Un virus llamado spoiler

El spoiler, el fracaso del crítico

¡Ojo, spoilers!. (Fuente: HBO España)

A medida que ha crecido el interés por las series de televisión ha aumentado exponencialmente la aportación crítica en los distintos ámbitos dedicados para su ejercicio. Esto es un hecho positivo que, sin embargo, también encuentra un lado oscuro. Ese reverso tenebroso practica la valoración crítica como una traslación del contenido argumental de un episodio –algo que se percibe de un modo muy evidente en una serie como Juego de tronos-, o como una suma de comentarios ajenos a lo que subyace en la ficción, valoraciones que dejan de lado el análisis de la propuesta serial, las decisiones estéticas, el trasfondo, las distintas texturas, los mecanismos que la vinculan a otras disciplinas o corrientes. ¿Qué sentido tiene ‘traducir’ o trasladar lo que podemos ver o hemos visto en un episodio o en una temporada? ¿Cuántas críticas se reducen a describir, revelar, destripar la serie? ¿Esto pervierte el visionado y su manera de percibirla?

Parto de la idea (o lo entiendo de ese modo) de que toda escritura es una derrota, un recorrido para llegar a un lugar de excelencia que no se alcanzará nunca. ¿No limita por completo ese recorrido el spoiler? Con seguridad es matizable, de acuerdo, pero el spoiler, que suele practicarse en algunas de las críticas sobre series, supone un fracaso para el crítico. Por lo demás, se pretenda o no, empobrece la visión de la propuesta si los dispositivos de interpretación se articulan sobre el mismo y sobre cuestiones proféticas. Si se olvidan las herramientas críticas: la estructura de la serie, el sentido de la narración, los aspectos de la puesta en escena en relación al relato (las series tienen puesta en escena pese a que aún se cuestione según en qué sitios), la construcción de los personajes, las posibles referencias, de qué trata la ficción serial, algo que no se corresponde con el argumento…, como digo, si nos olvidamos de todo esto y de mucho más, qué nos queda.

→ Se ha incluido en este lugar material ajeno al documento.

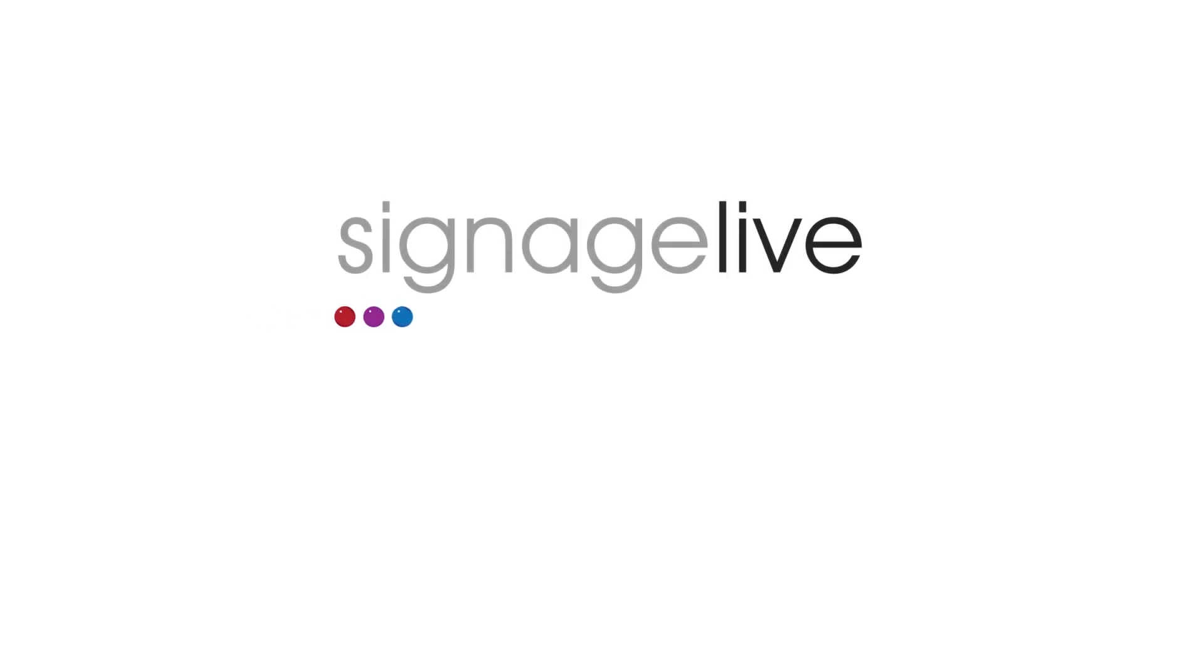In this video we'll show you how to set up your BrightSign device using Bdeploy. Make sure your BrightSign devices have an SD card inserted and have the latest firmware before proceeding.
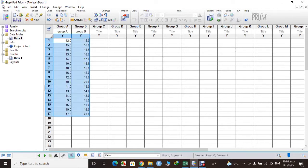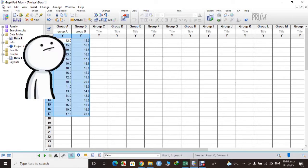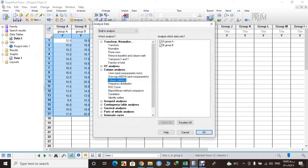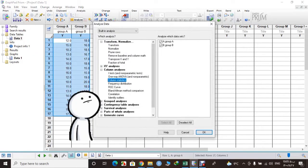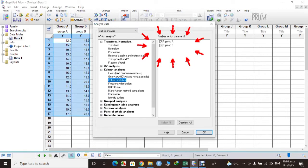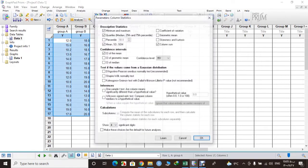Just like this, and then from the above tab select Analyze and then Column Statistics. We have group A and B here, and then okay.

¿Dónde se queda la función crítica que sirve para pensar el mundo y establecer relaciones sociales, políticas, culturales, etcétera, con el presente? ¿Tal vez el spoiler es otro virus inoculado en la sociedad neoliberal que favorece no la simpleza o sencillez expositiva, sino la rapidez, la evanescencia, la acumulación sin valor, el hecho de que el pensamiento se anule o se quede en la superficie? ¿Otra manera de modificar el esfuerzo y de cortar la curiosidad? Incluso ya da igual que se advierta: ¡Cuidado spoilers!, porque el virus incluso se respira.